Tout ça pour dire que la musique et moi, c’est compliqué. Que le bruit, la foule, l’ambiance d’un festival, a priori, ça me fait peur. Mais qu’est-ce qu’on fait quand on a peur ? On fait le truc, bien sûr (appliquez à votre vie à vos risques et périls) ! J’ai fait un festival.

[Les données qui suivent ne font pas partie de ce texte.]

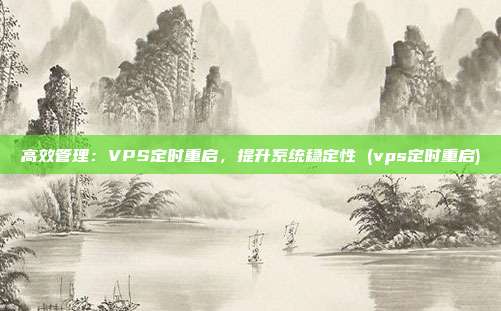 高效管理:VPS定时重启,提升系统稳定性 (vps定时重启)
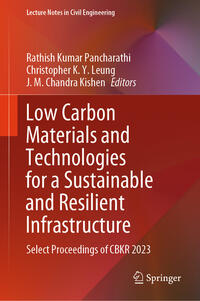 Low Carbon Materials and Technologies for a Sustainable and Resilient Infrastructure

Ce n’était pas si terrible. On avait pris des billets qui nous donnaient droit à une zone VIP, au cas où j’aurais besoin de m’isoler un peu (et avec des toilettes séparées, avec un peu de chance, plus propres…). Je ne savais pas à quoi m’attendre, mais c’est allé. Il y avait cinq scènes, donc il était possible de s’éloigner et de parler assez facilement. Cela a duré de 14h à 22h30, et c’est passé vite. On pouvait s’asseoir à presque tous les concerts, et les autres étaient probablement les plus difficiles : j’ai du mal à rester debout, immobile, longtemps. Assise, je peux dissocier, oublier, parler, ignorer, profiter parfois. Je serais incapable de me souvenir de ce que j’ai écouté : quelques noms d’artistes, mais pas la moindre note, dans ma tête. C’est fréquent, pour moi, surtout que rien n’était en français, et autant je parle anglais couramment, autant j’ai beaucoup de mal, quand les gens chantent, à comprendre ce qu’ils disent. Comme à beaucoup de spectacles, j’ai parfois eu l’impression d’être hors de mon corps, d’observer le monde plus que de profiter de l’art, de l’expérience émotionnelle qui se déroule. J’observais les chanteurs, une chanteuse en particulier, son énergie, ses sourires, comme elle se perdait dans sa musique, s’y exprimait, comme j’imagine que je m’exprime dans mes romans. Moi, c’est seule, dans le silence des mots qui résonnent, eux, c’est dans la frénésie du spectacle – je ne partage pas, mais je crois que je comprends.